Processes

Processes are a core concept in Linux. This section is about what processes are and how they are implemented in Linux.

Table of contents

  1. Introduction
  2. The lifecycle of a process
  3. The task structure
    1. Storing the process descriptor
    2. Process state
    3. Process context
    4. The process family tree
  4. Process creation
  5. Threads
    1. Kernel threads
  6. Process termination
  7. Conclusion
  8. References

Introduction

A process is an executing instance of a program, which is object code stored on some media. There can be multiple processes of the same program running at the same time [1, P. 23].

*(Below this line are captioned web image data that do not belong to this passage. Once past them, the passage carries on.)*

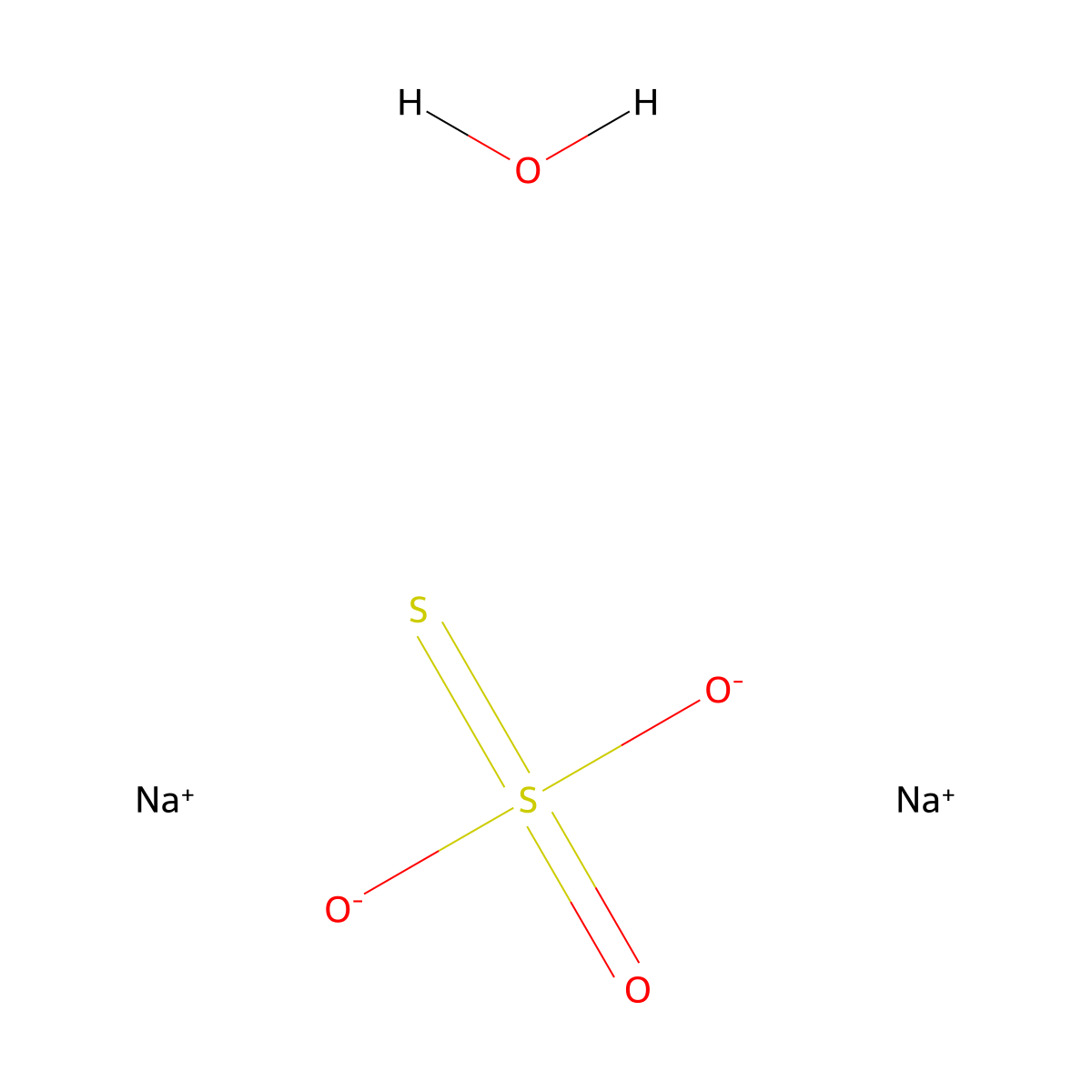 Thiosulfuric acid, disodium salt, monohydrate molecular structure, CAS 128114-51-2
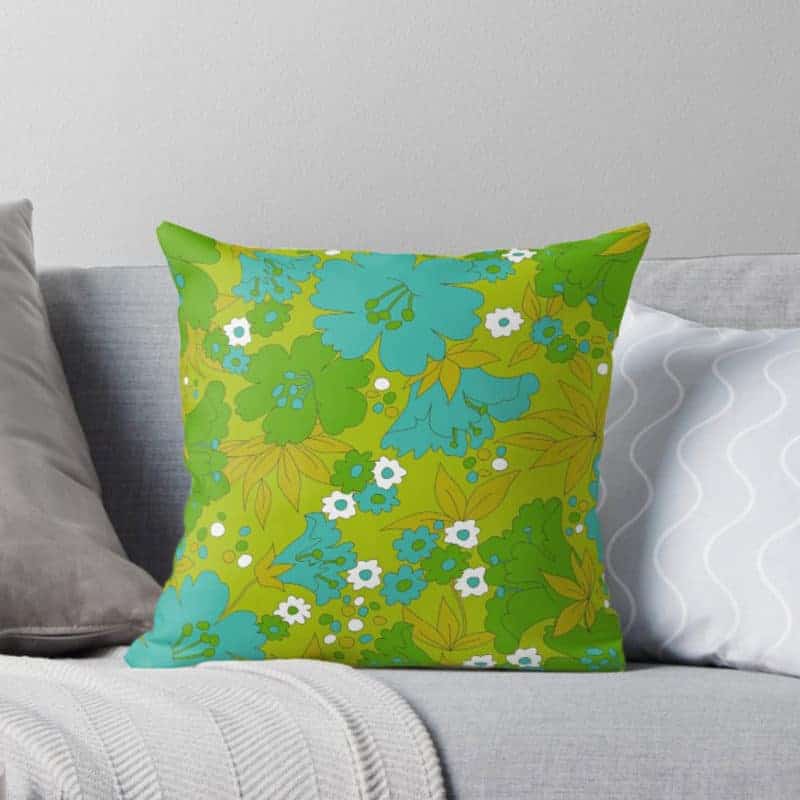 Turquoise, Green & White Retro Floral Pattern on Redbubble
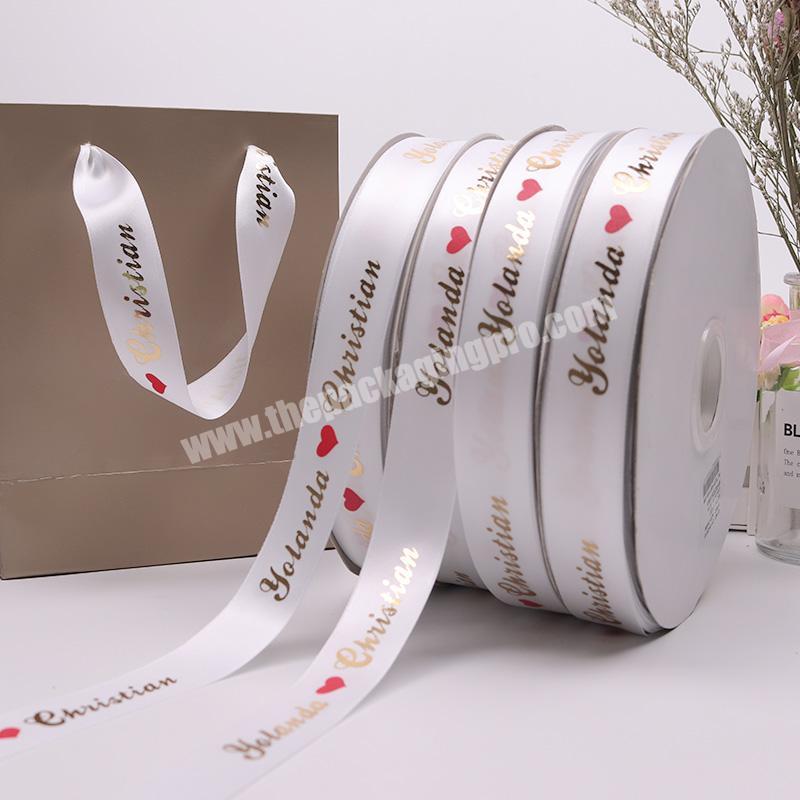 25mm Custom Gold Foil Printed Ribbon Gift Polyester Satin Ribbon With Logo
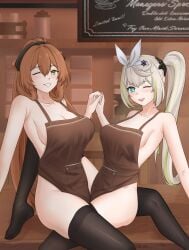 2girls alternate_version_at_source alternate_version_available apron big_breasts blonde_hair blue_eyes blush bottomless breasts brown_hair female female_only girls'_frontline girls'_frontline_2:_exilium green_eyes grumbler2393 holding_hands indoors large_breasts long_hair looking_at_viewer multiple_girls naked_apron one_eye_closed ponytail scissoring sharkry_(girls'_frontline_2) side_ponytail smile springfield_(cafe)_(girls'_frontline) springfield_(girls'_frontline) springfield_(girls'_frontline_2) thighhighs tribadism yuri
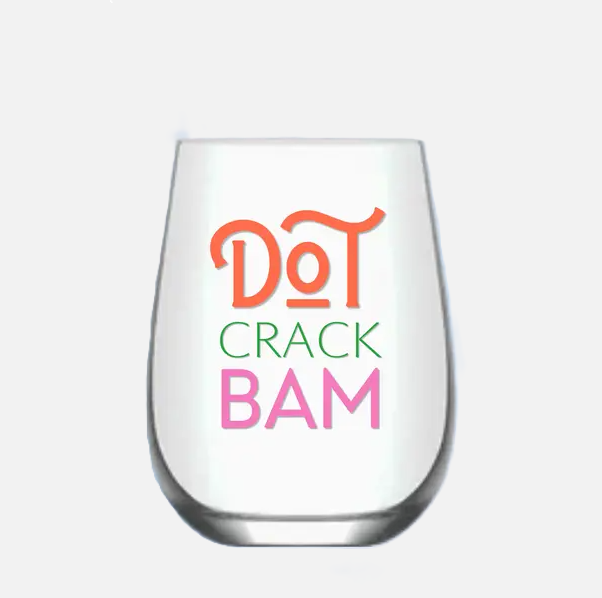 Dot Crack Bam Blue Tile Mahjong Stemless Wine Glasses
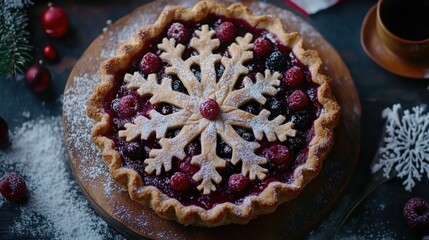 Wall Mural - winter dessert with snowflake design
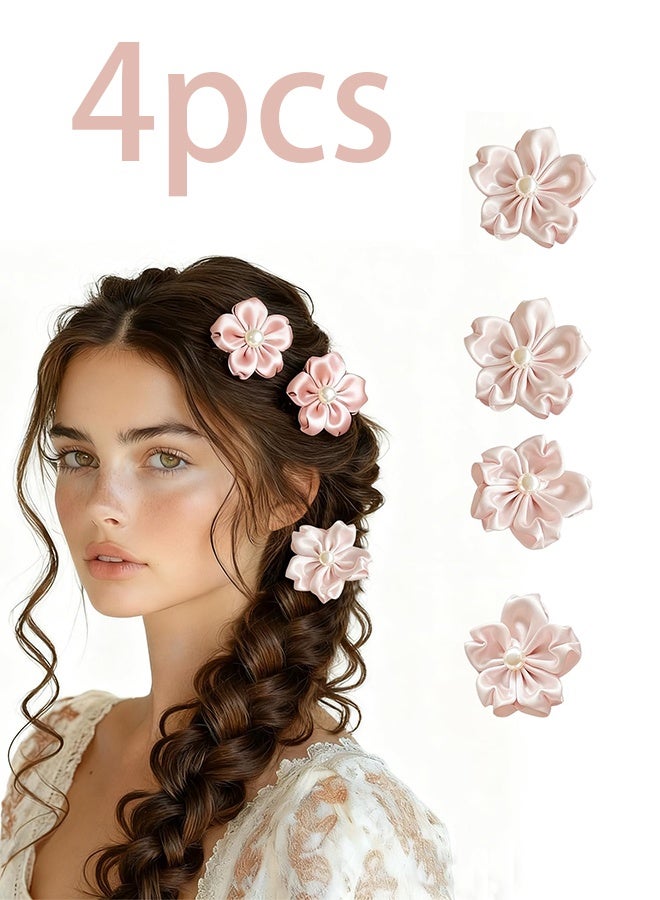 Hair Claw Clips Flower Alligator Hair Clips Pink Hairpin Pearl Hair Barrettes Hold Non Slip Sweet Mental Hairpin for Women and Girl Holiday Accessory Hair Decoration4Pcs - Image 1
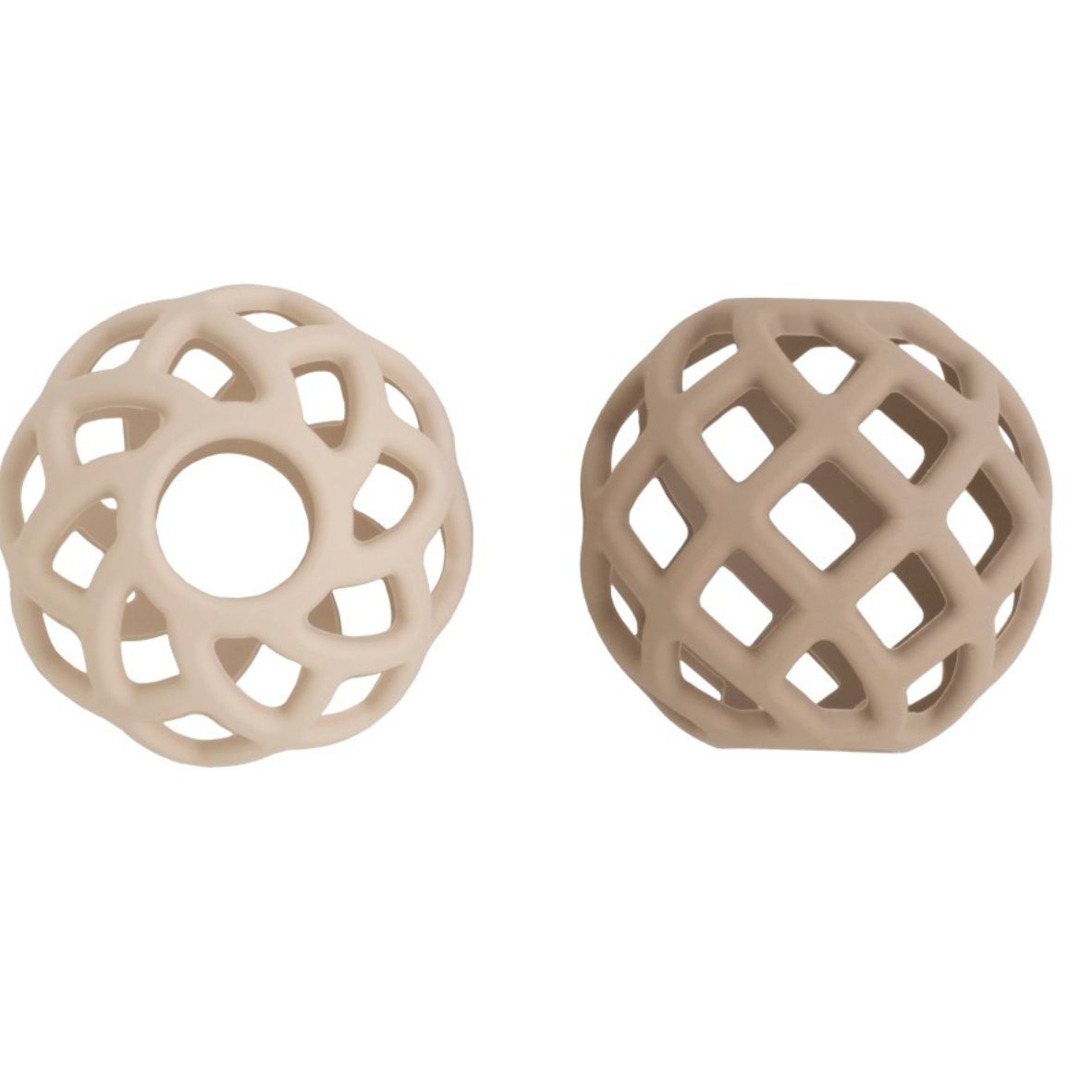 Jouet Balle Silicone – Lot de 2 Clay & Warm Linen BABY'S ONLY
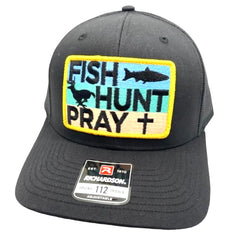 Generic Trucker Hat with Fish Hunt Pray patch for outdoor adventures and all-day comfort.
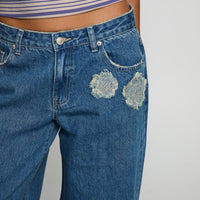 A Keeper Flower Patch Low Rise Wide Leg Jeans Mid Blue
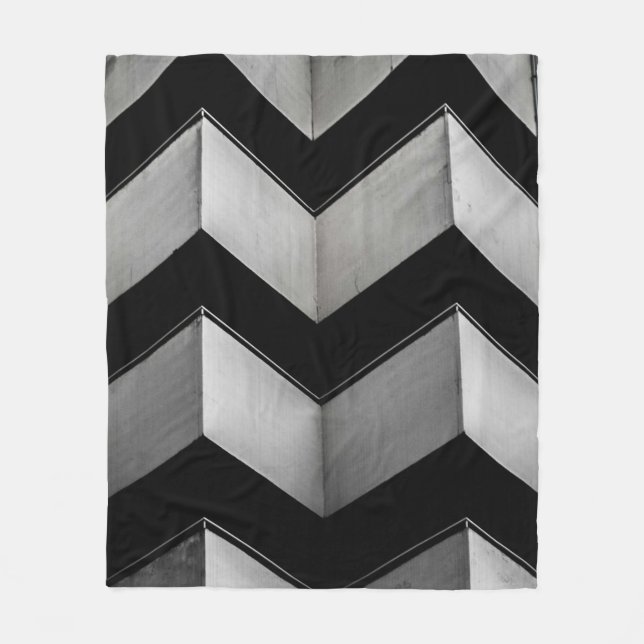 MANTA POLAR PAPEL DE PALABRAS DE CHEVRON NEGRO Y BLANCO (Anverso)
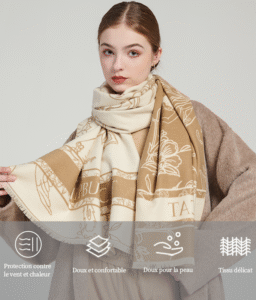 Hepburn Cat Écharpe Mixte Laine et Soie - Motif Oiseaux et Fleurs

A process includes resources like open files, processor state, a memory address space, one or more threads of execution, and a data section containing global variables [1, P. 23].

Threads (threads of execution) are the parts of a process that contain the program counter, process stack, and processor registers. The kernel schedules threads rather than processes. “Linux does not differentiate between threads and processes. To Linux a thread is just a special kind of process” [1, P. 23].

Processes use a virtual processor and virtual memory. The virtual processor gives the illusion that a process is the only process running on a processor, despite potentially thousands of other processes sharing the processor. Virtual memory is another illusion. As far as a process is aware, it has exclusive access to memory, but in reality the kernel is managing memory access. Threads share memory with each other, but each one has their own virtual processor [1, P. 23].

The lifecycle of a process

A process is created using the fork() system call. The new process that’s created, the child process, inherits from the parent process that was active when fork() was called. The parent process resumes execution after the call to fork(), and the child starts execution at the same position. Internally fork() uses the clone() system call [1, Pp. 23-4].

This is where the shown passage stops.